/rspace-client-python

Example Python client code for the RSpace API

Primary LanguagePythonApache License 2.0Apache-2.0

rspace-client-python

This project contains a client which helps calling RSpace APIs. There are some example Python scripts.

To begin with you'll need an account on an RSpace server and an API key which you can get from your profile page. You can sign up for a free RSpace account at https://community.researchspace.com

In these examples we'll be using the rspace_client package (code is in rspace_client folder) which provides an abstraction over lower-level libraries. It's compatible with both Python 2 and Python 3.

All the code listed here is in the project.
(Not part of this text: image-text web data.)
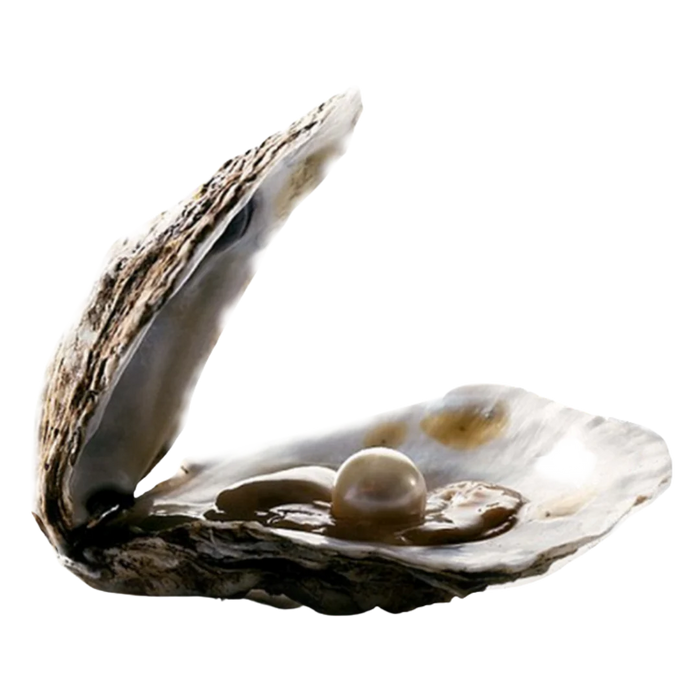 Pearl Bundle Deal-5 Oysters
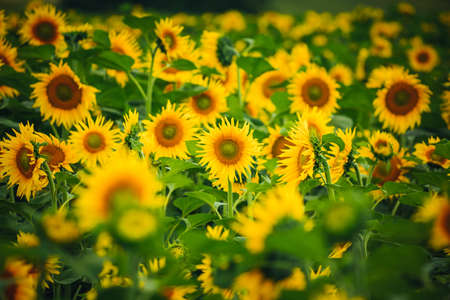 Field with bright yellow sunflowers close up. Location place of Ukraine, Europe. Photo of ecology concept. Agrarian industry. Perfect wallpaper. Template image texture background. Beauty of earth.の写真素材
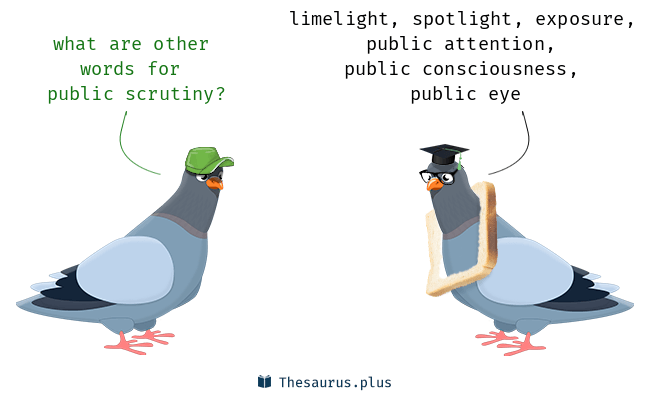 scrutiny what public is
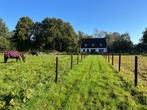 Stalling met weidegang aangeboden voor pony ruin, Weidegang, 1 paard of pony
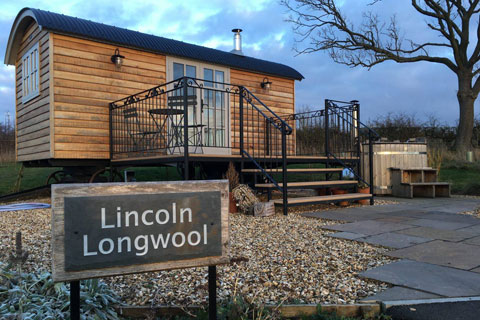 Lincoln Longwool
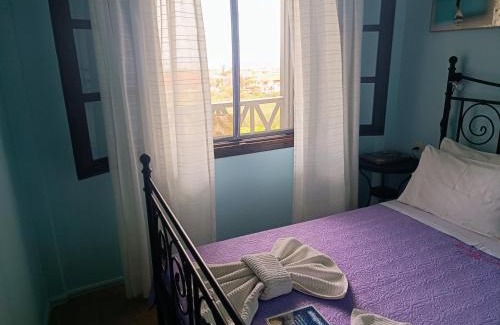 Psakoudia Apartment | Apartments Karpetis a green paradise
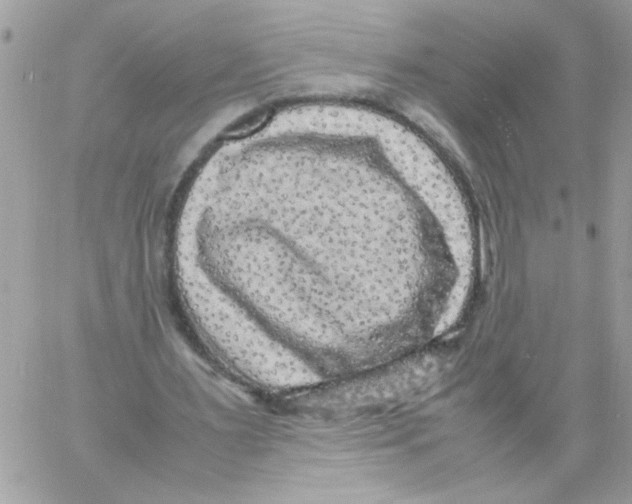 X0000061760483200512302307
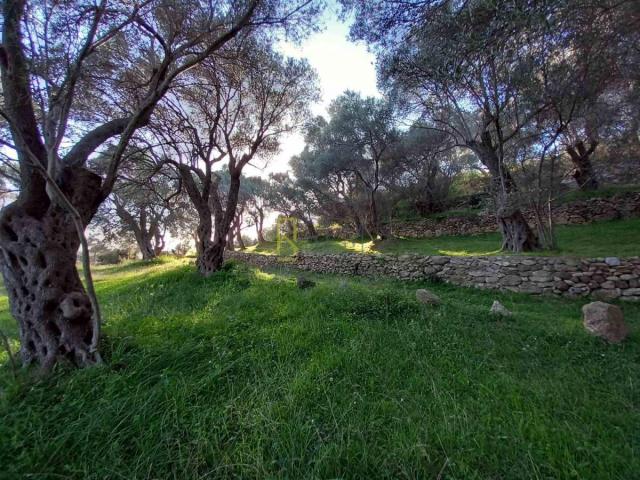 Prodaja, Plac, 0m2 , Ulcinj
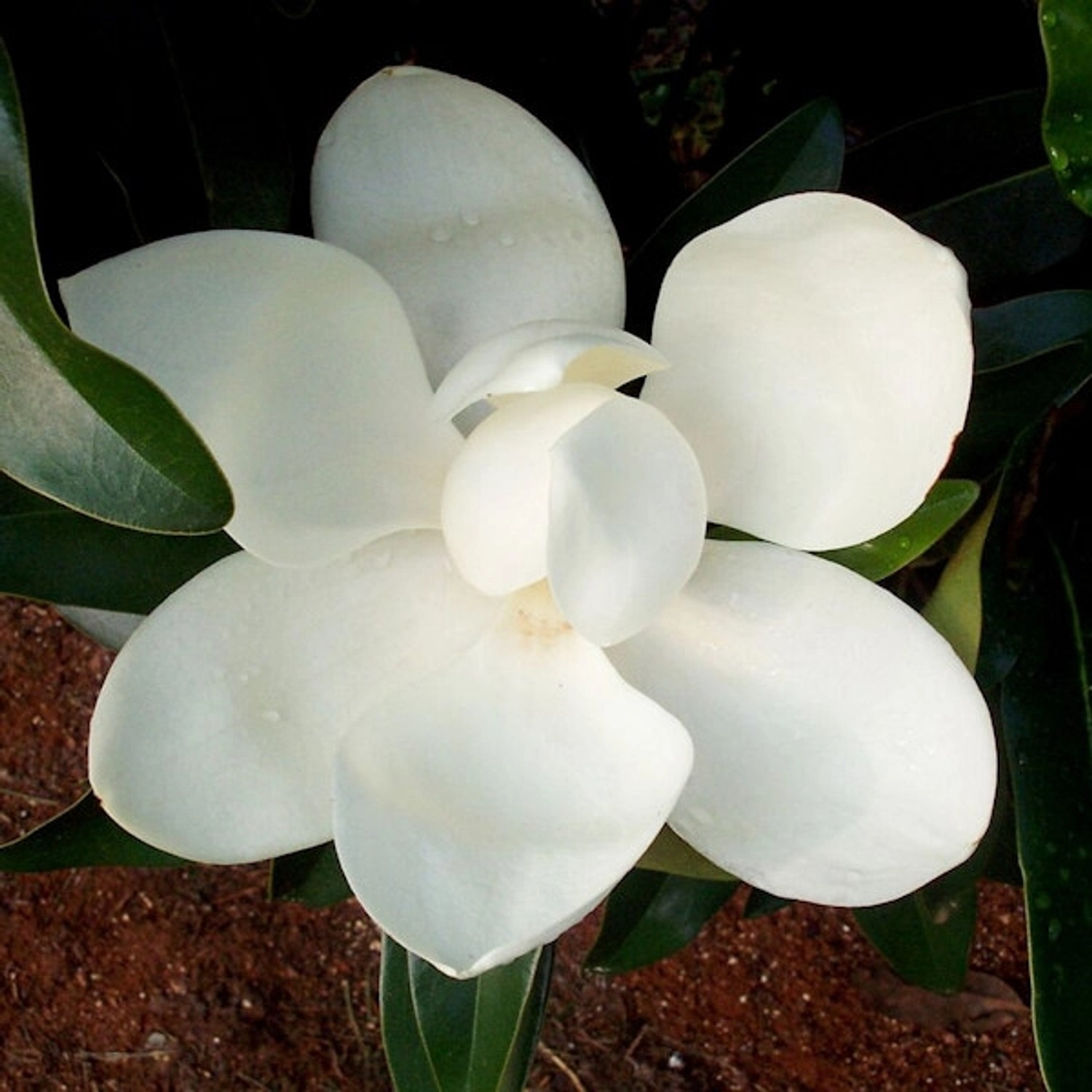 Großblumige Magnolie Alta 100-125cm - Magnolia grandiflora günstig online kaufen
For full details of our API spec please see https://your.rspace.com/public/apiDocs

To install rspace-client and its dependencies, run

pip3 install rspace-client

You may need to install six and requests modules:

pip3 install six requests

To run the example scripts in the examples folder, cd to that folder, then run

python3 ExampleScript.py https://your.rspace.com MyAPIKey

replacing MyAPIKey with your key, and ExampleScript.py with the name of the script you want to run.
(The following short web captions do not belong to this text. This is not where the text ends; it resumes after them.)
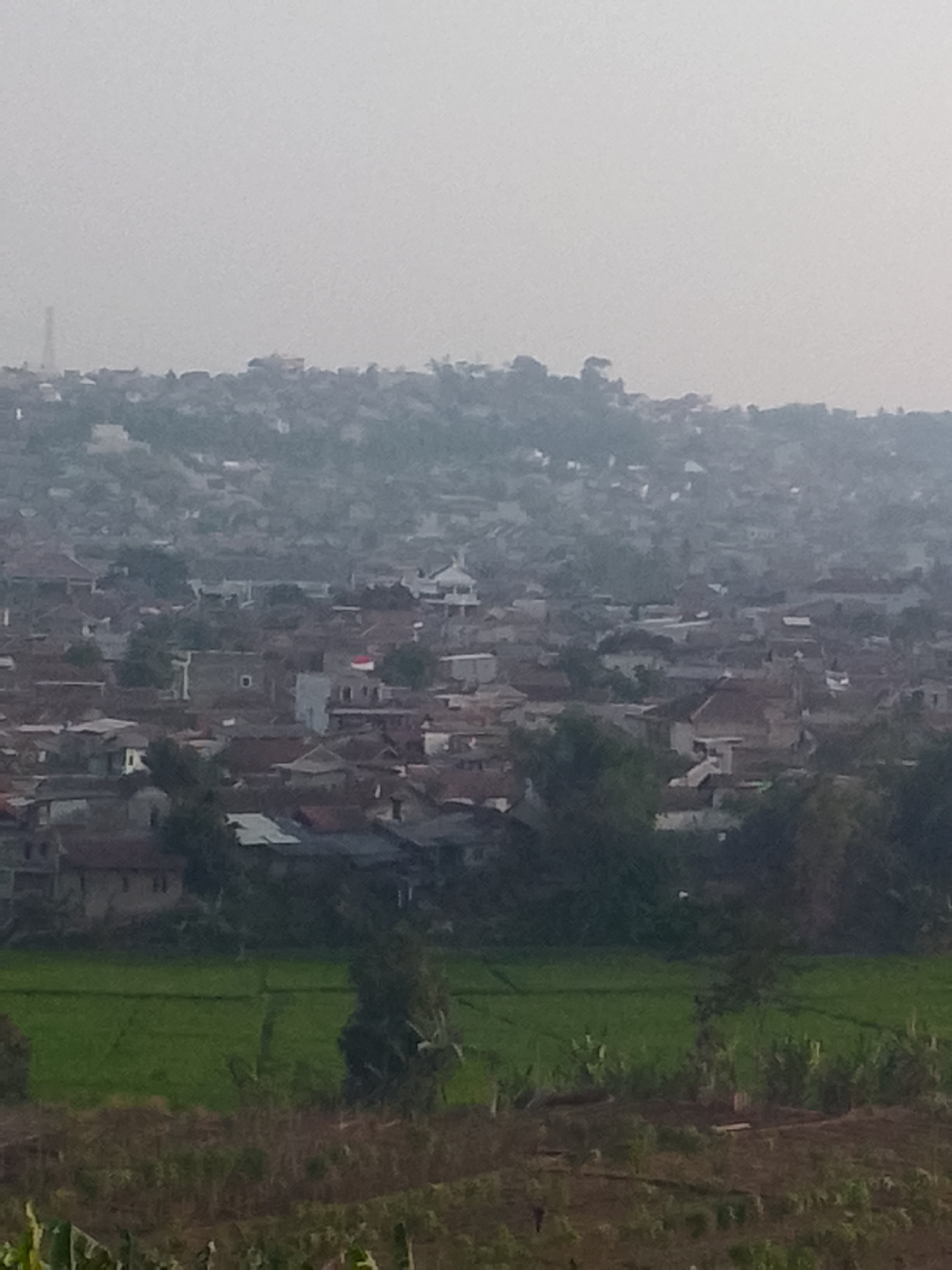 The image shows a wide, hazy view of a densely populated hillside in Padalarang, Indonesia, with a prominent green rice paddy in the foreground. The hillside is covered with a multitude of buildings, characterized by various roof colors and architectural styles, suggesting a mix of residential structures. A tall, slender industrial chimney is visible in the distance, on the upper left side of the frame, against the overcast sky. The haze in the atmosphere softens the details of the distant buildings and creates a muted, diffused light. In the middle ground, a mosque with a white dome stands out amidst the cluster of houses. The foreground features a vibrant green rice field, with visible rows indicating cultivation. The lower portion of the image displays a patch of dry, brown earth with scattered vegetation, possibly indicating a transition zone between cultivated land and the built-up area. The overall scene depicts a characteristic urban or semi-urban landscape in Indonesia, where residential areas often abut agricultural land, with signs of industrial activity in the background.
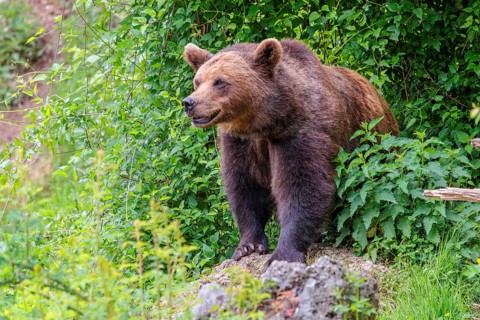A female brown bear (Ursus arctos arctos) stands on a rock in dense vegetation in hilly terrain.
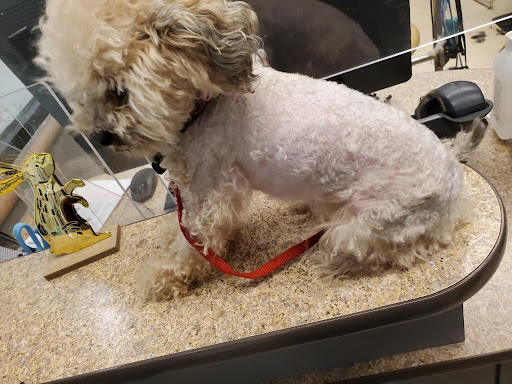 Pet Supply Store «PetSmart», reviews and photos, 8460 Tamarack Village, Woodbury, MN 55125, USA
A basic query to list documents

First of all we'll get our URL and key from a command-line parameters.

parser = argparse.ArgumentParser()
parser.add_argument("server", help="RSpace server URL (for example, https://community.researchspace.com)", type=str)
parser.add_argument("apiKey", help="RSpace API key can be found on 'My Profile'", type=str)
args = parser.parse_args()

client = rspace_client.Client(args.server, args.apiKey)
documents = client.get_documents()

In the above example, the 'documents' variable is a dictionary that can easily be accessed for data:

print(document['name'], document['id'], document['lastModified'])

Iterating over pages of results

The JSON response also contains a _links field that uses HATEOAS conventions to provide links to related content. For document listings and searches, links to previous, next, first and last pages are provided when needed.
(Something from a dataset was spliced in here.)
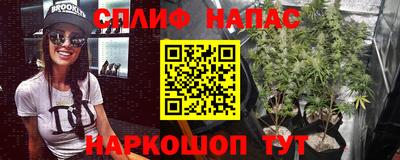 PSILOCYBIN Камень-на-Оби
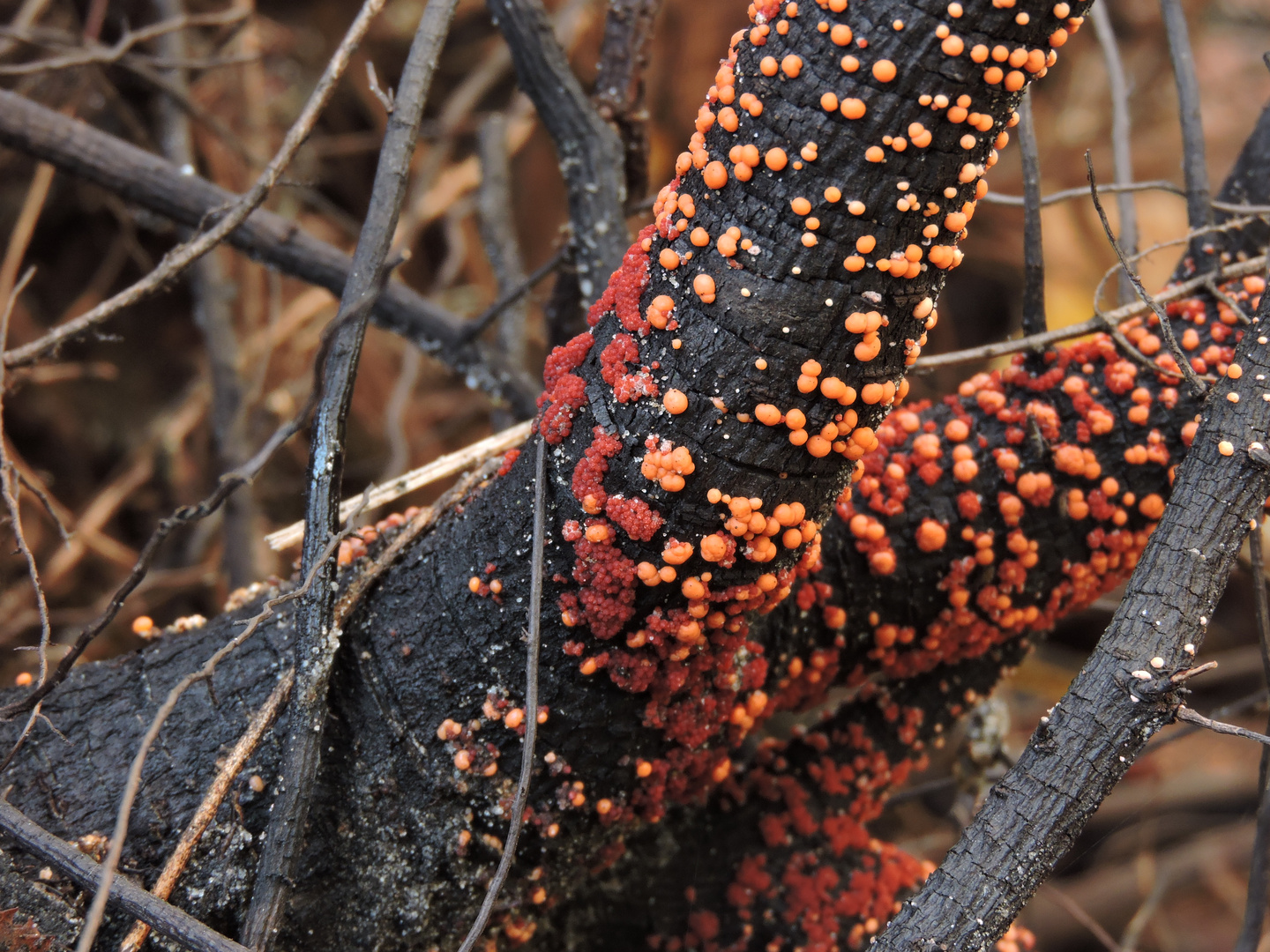 Zinnoberroter Pustelpilz oder Rot-Pustelpilz (Nectria cinnabarina)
Using this approach we can iterate through pages of results, getting summary information for each document.

while client.link_exists(response, 'next'):
    print('Retrieving next page...')
    response = client.get_link_contents(response, 'next')

A complete example of this is examples/paging_through_results.py.

Searching

RSpace API provides two sorts of search - a basic search that searches all searchable fields, and an advanced search where more fine-grained queries can be made and combined with boolean operators.

A simple search can be run by calling get_documents with a query parameter:

  response = client.get_documents(query='query_text')

Here are some examples of advanced search constructs:

    // search by tag:
    search = json.dumps([terms:[[query:"ATag", queryType:"tag"]]])
    
    // by name
    search = json.dumps([terms:[[query:"AName", queryType:"name"]]])
    
    // for items created on a given date using IS0-8601 or yyyy-MM-dd format
    search = json.dumps([terms:[[query:"2016-07-23", queryType:"created"]]])
    
    // for items modified between 2  dates using IS0-8601 or yyyy-MM-dd format
    search = json.dumps([terms:[[query:"2016-07-23;2016-08-23 ", queryType:"lastModified"]]])
    
    // for items last modified on either of 2  dates:
    search = json.dumps([operator:"or",terms:[[query:"2015-07-06", queryType:"lastModified"],
                                    [query:"2015-07-07", queryType:"lastModified"] ])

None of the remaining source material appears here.